Repeat each entry as written, dropping any picture you find.

[DATA PROVIDED — start]

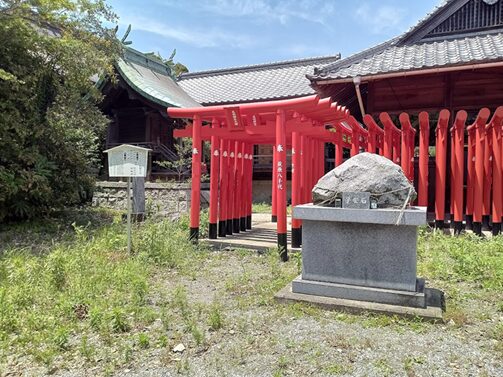 恒見八幡神社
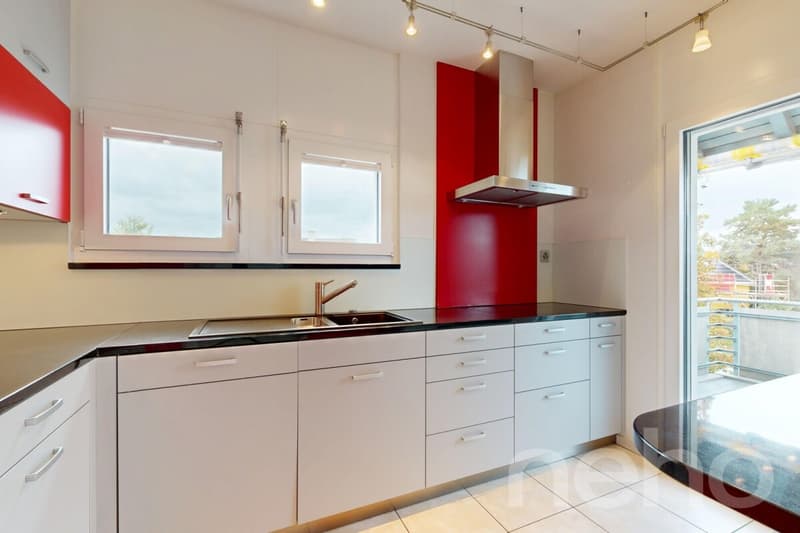 Grosszügige 6½-Zimmer-Maisonette-Wohnung in Winterthur-Seen (3)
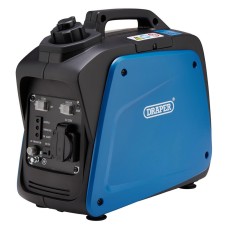 Draper Petrol Inverter Generator, 700W (95176)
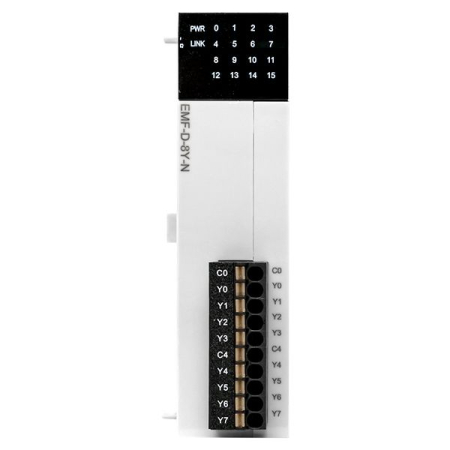 Модуль дискретного вывода EMF 8 N PRO-Logic EKF PROxima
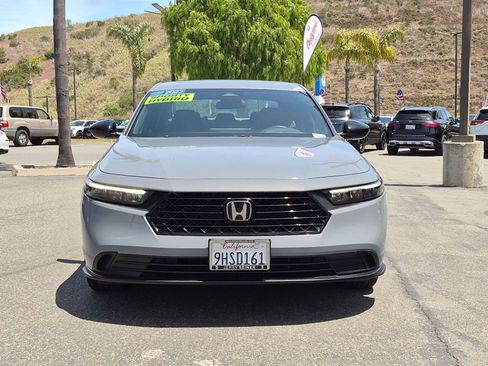 Used 2023 Honda Accord Sport image 8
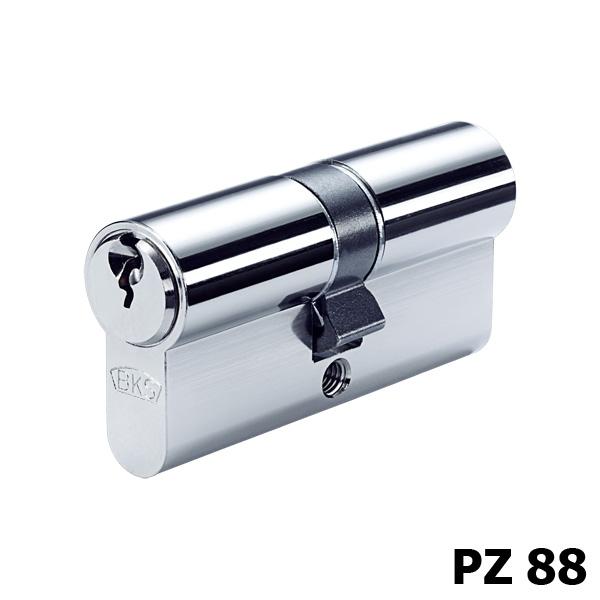 Doppelprofilzylinder BKS PZ 88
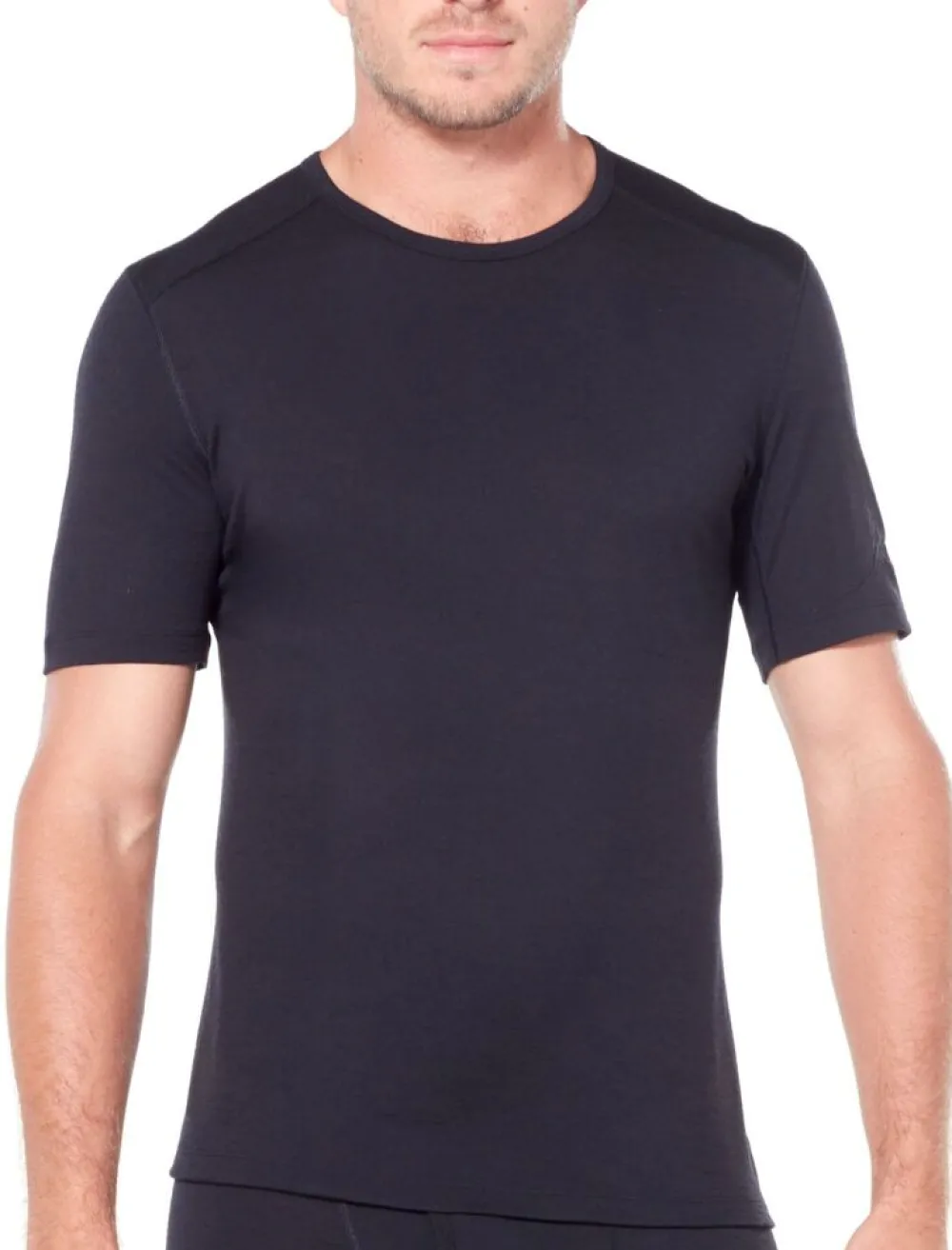 Heren Icebreaker Shirts Heren|Mens 200 oasis ss crewe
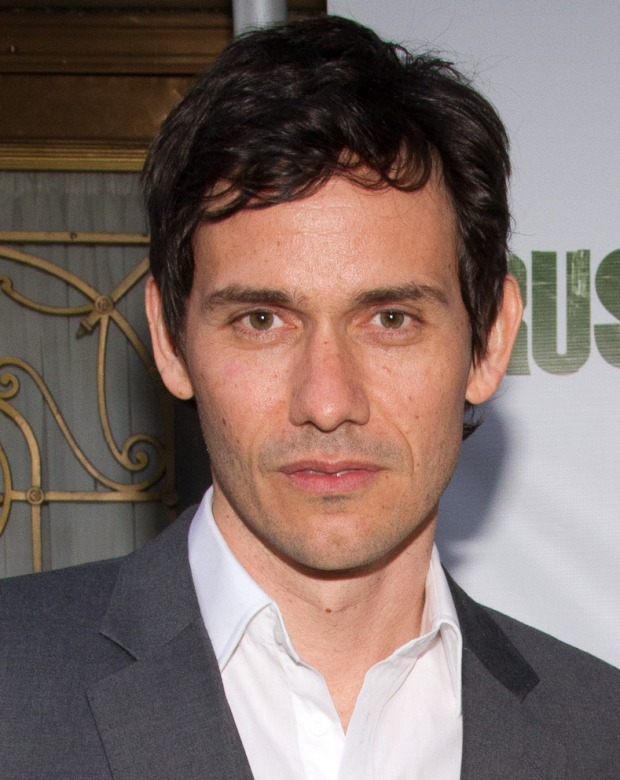 Christian Camargo will play Pericles for Trevor Nunn and Theatre for a New Audience.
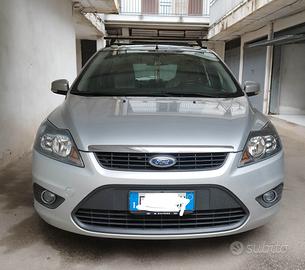 Ford focus 1.6 diesel
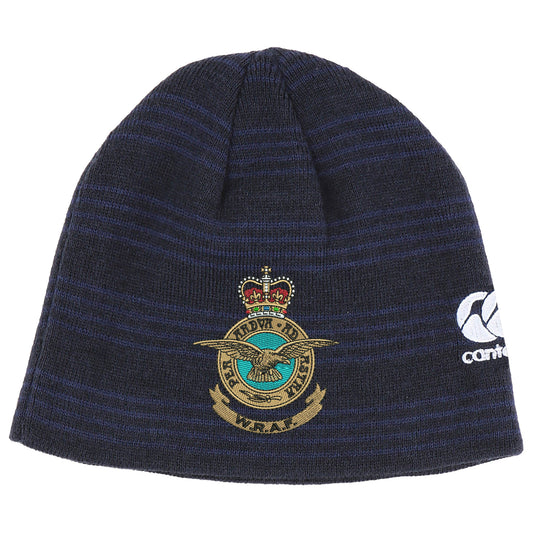 Womens Royal Air Force Canterbury Beanie Hat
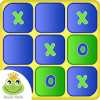 Tic Tac Toe Classic Puzzle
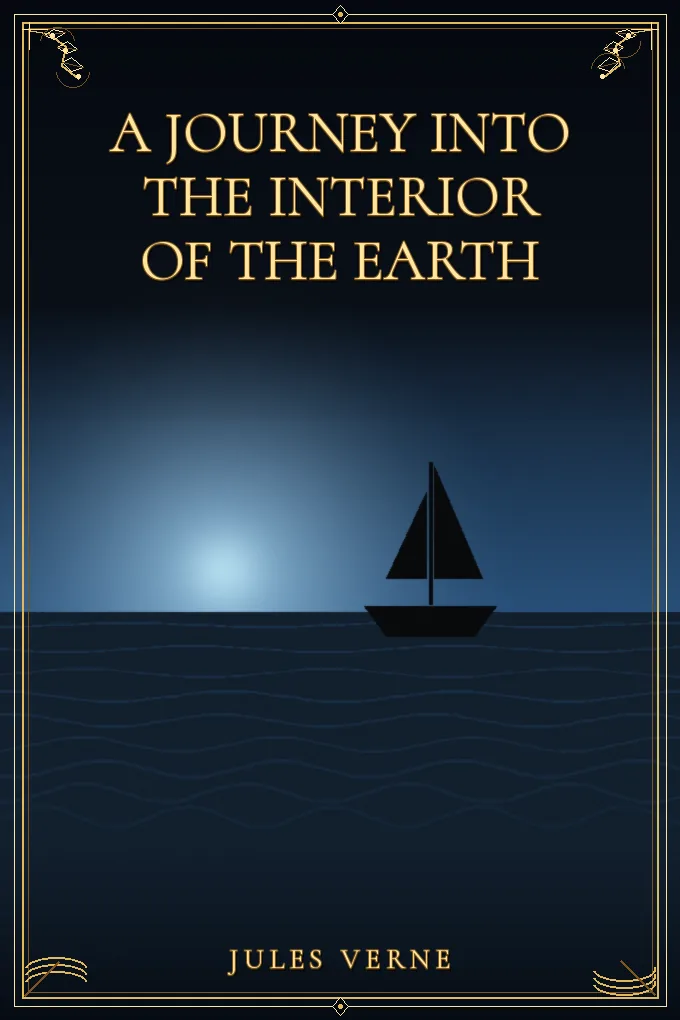 A Journey into the Interior of the Earth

[DATA PROVIDED — finish]

* TASK RESPONSE
 恒見八幡神社
 Grosszügige 6½-Zimmer-Maisonette-Wohnung in Winterthur-Seen (3)
 Draper Petrol Inverter Generator, 700W (95176)
 Модуль дискретного вывода EMF 8 N PRO-Logic EKF PROxima
 Used 2023 Honda Accord Sport image 8
 Doppelprofilzylinder BKS PZ 88
 Heren Icebreaker Shirts Heren|Mens 200 oasis ss crewe
 Christian Camargo will play Pericles for Trevor Nunn and Theatre for a New Audience.
 Ford focus 1.6 diesel
 Womens Royal Air Force Canterbury Beanie Hat
 Tic Tac Toe Classic Puzzle
 A Journey into the Interior of the Earth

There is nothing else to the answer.